I literally forget that Ferocidon is a card, and it’s easier if everyone else follows suit. Just let it stay banned for a couple of months.

Todd Anderson: Fiction. Let it go, Cedric! While Rampaging Ferocidon is unlikely to have a real impact on Standard if unbanned, it will certainly have a major effect on people’s DCI records. I actually think Rampaging Ferocidon was banned because of how many warnings it accrued in a short period of time in tournament play, as missing your own life-loss trigger counted as a detrimental trigger, and three of those bad boys would give you a game loss.

I’ve seen similar judge interactions with a different card in the past few weeks: Narset, Parter of Veils. The “can’t draw extra cards” part of Narset has led to dozens and dozens of judge calls that I’ve personally seen, and countless others that I haven’t. These static effects that change the rules of the game are tough for a lot of players, me included, and having them be associated with detrimental game actions that result in warnings is really awkward.

Rampaging Ferocidon will be gone in a few months, so just let sleeping dogs lie. No one is really missing it except for that one person at FNM who’s really into Dinosaurs and really annoyed that someone would have the audacity to gain some life points against their precious Dinosaur deck.
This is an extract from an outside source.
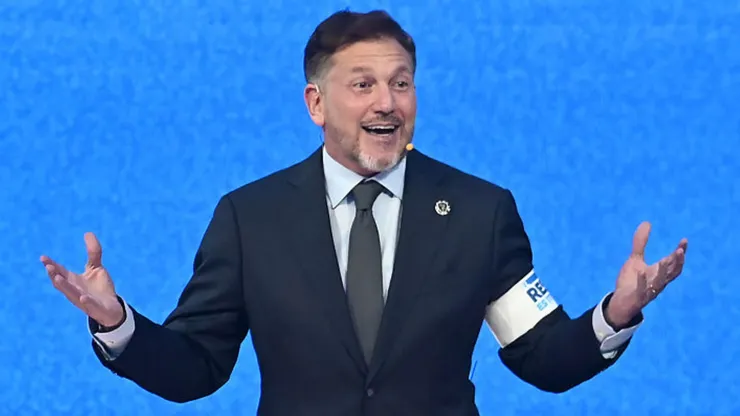 Domínguez aclara sus dichos sobre el Mundial 2030.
Cedric Phillips: Fact. Unlike many, I was totally fine with Rampaging Ferocidon being banned. Red-based strategies were already good enough and the addition of a card that fights a traditional way of beating red (gaining life) struck me as over the line. Throw in the fact that it’s aggressively costed (I don’t think it would be as offensive if it was a 2/3 or a 2/1); hard to block (why on earth does this thing have menace?!); and has relevant text for a red deck (the way to block it is to play more creatures which causes you to take damage), and that was more than enough for it to kick the can.
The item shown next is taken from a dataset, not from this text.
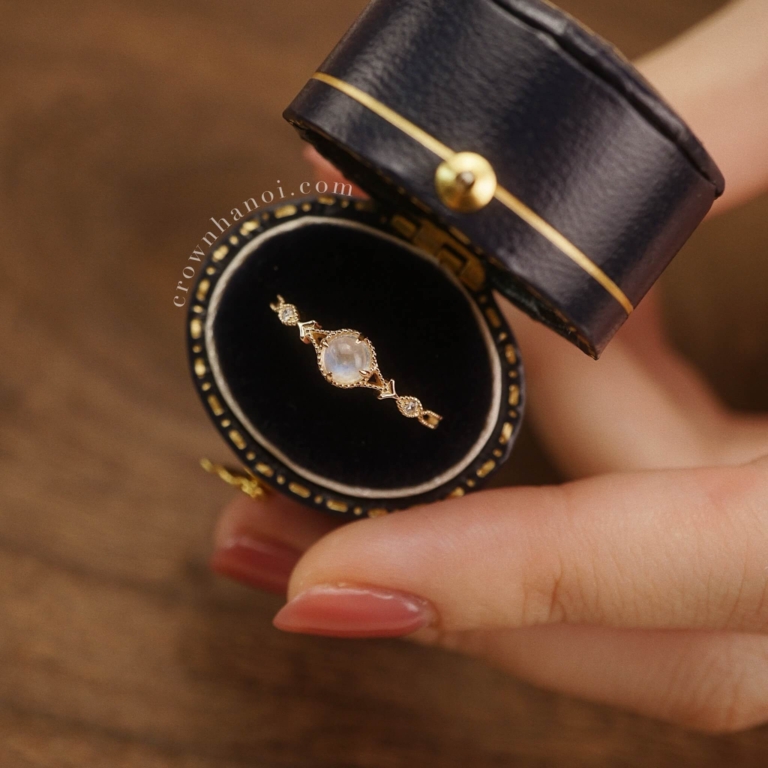 SELENE MOONSTONE RING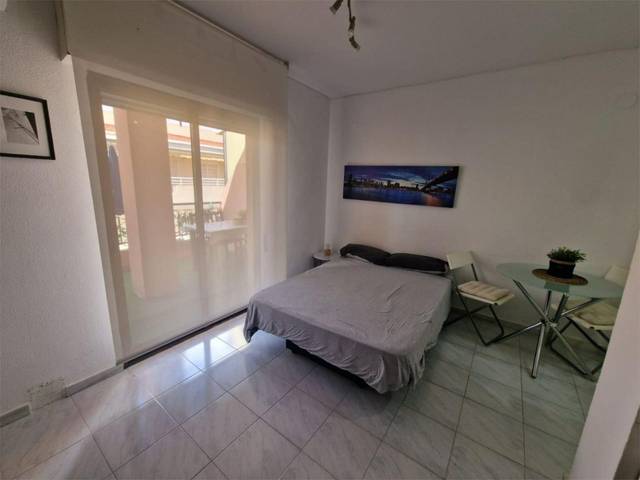Piso en Venta en Calle Joven Pura, 10 en Antonio Machado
However, I spent some time playing Core Set 2020 Standard this weekend and it feels like Standard is in a very different place from when Rampaging Ferocidon originally arrived. Decks are grinding out card advantage via planeswalkers, playing huge effects like Flood of Tears and Mass Manipulation, or taking infinite turns with Nexus of Fate. This format does not strike me as being about tribal pairings or generating a battlefield advantage, where Rampaging Ferocidon thrives. Further, it appears that the best tribal deck is Vampires, a deck that Rampaging Ferocidon would do an admirable job in countering.
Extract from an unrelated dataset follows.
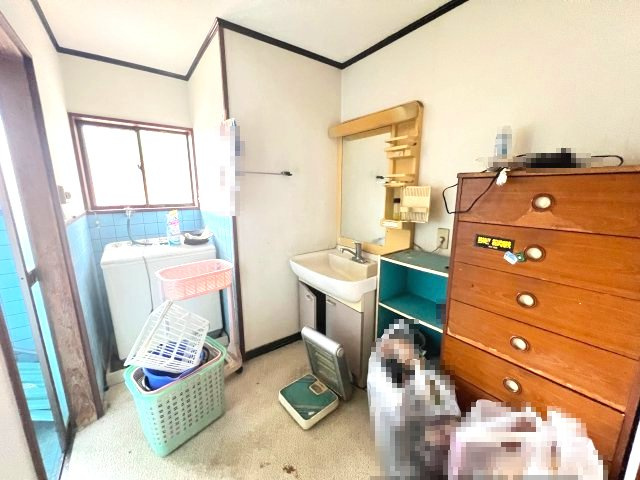 朝倉市古毛　7DKの洗面所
Is it weird to unban a card that only has a few months left of shelf life? Yeah, for sure. But so is printing Bridge from Below in the first place, banning Stoneforge Mystic but allowing people to play the intro deck in Standard that contained two copies (remember that?!), and having Corpse Knight be a 2/2 sometimes and a 2/3 other times (I kid, I kid). We live in a weird world playing a weird card game. Let the Ferocidon loose and let’s have some fun for three months!